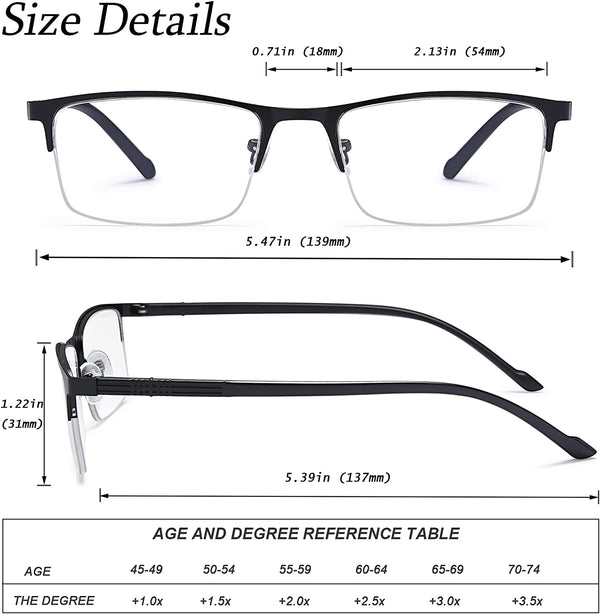 EYEURL 3 Pack Reading Glasses for Men and Women, Rectangular Metal Half Frame Blue Light Blocking Readers Anti Eyestrain 1.0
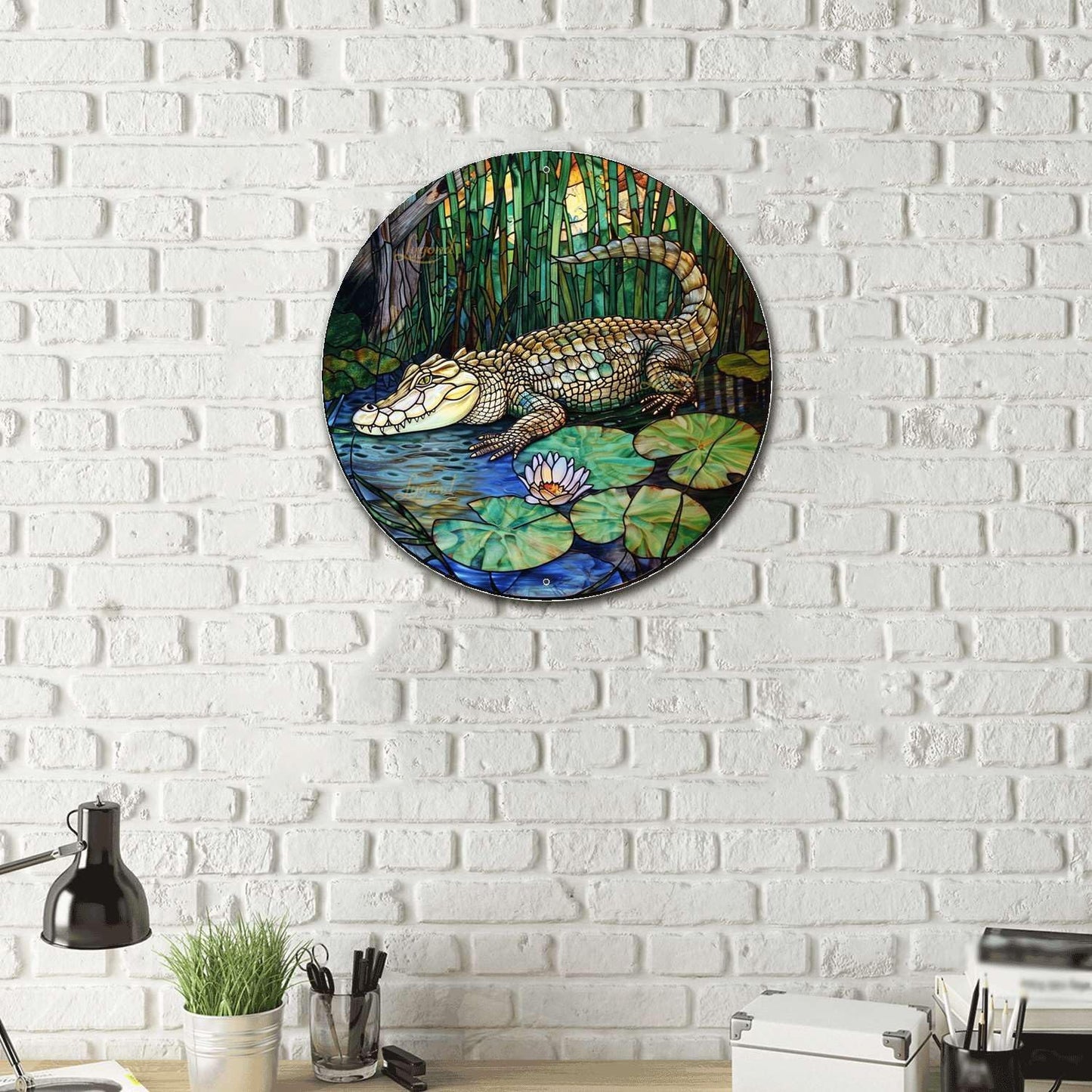 Lygond Metal Sign Tin Sign Circular Stained Glass Crocodile Restroom Tin Sign for Yard 12×12 Inches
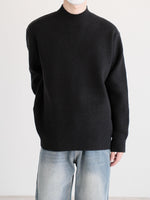 Ribbed Knit Mock Turtleneck Sweater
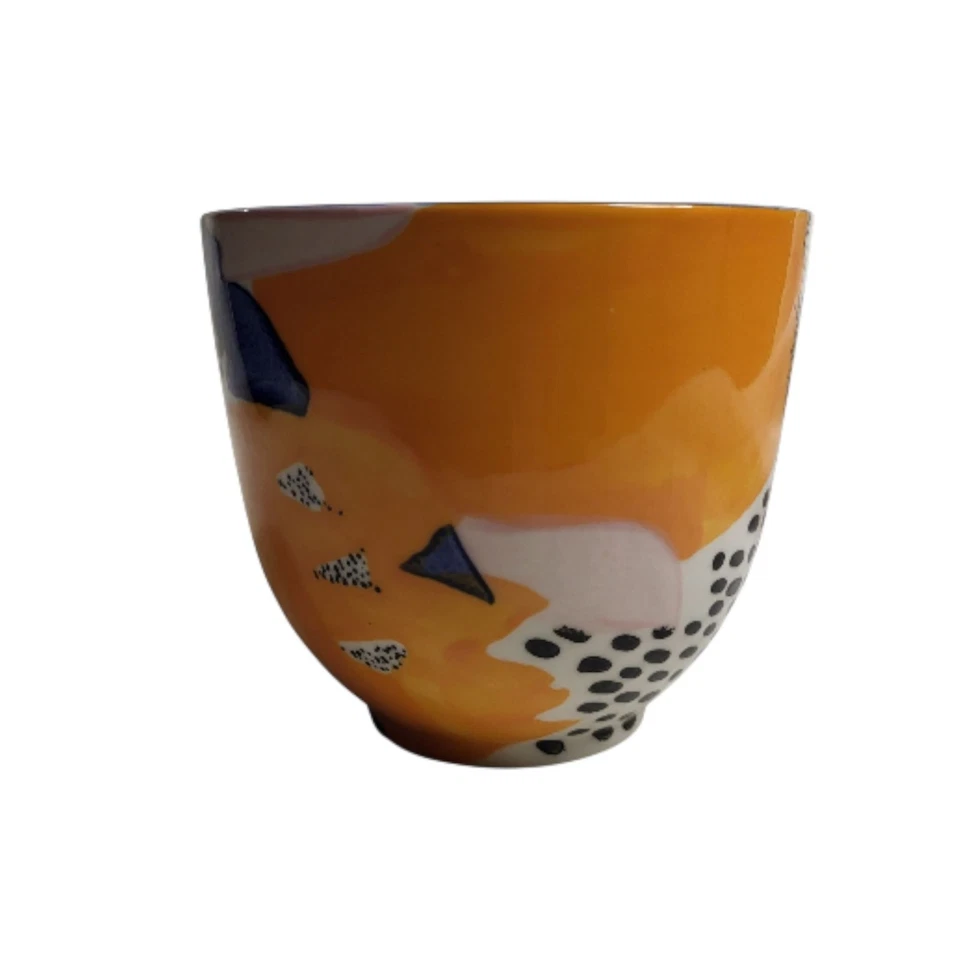 2 Cassie Byrnes for Anthropologie Ceramic Melbourne Mugs Blue & Orange - Image 3 of 4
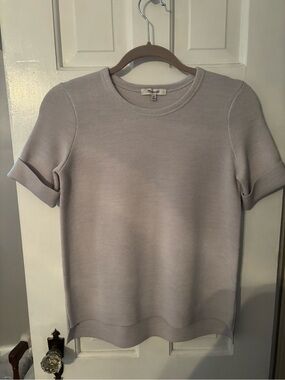 Madewell Short Sleeve Knit Top in light blue/ gray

Task statement
Reproduce word for word only the lines between the line containing "Lygond Metal Sign" and the end of the listing above, both included, and drop any pictures.

Response to this task
 Lygond Metal Sign Tin Sign Circular Stained Glass Crocodile Restroom Tin Sign for Yard 12×12 Inches
 Ribbed Knit Mock Turtleneck Sweater
 2 Cassie Byrnes for Anthropologie Ceramic Melbourne Mugs Blue & Orange - Image 3 of 4
 Madewell Short Sleeve Knit Top in light blue/ gray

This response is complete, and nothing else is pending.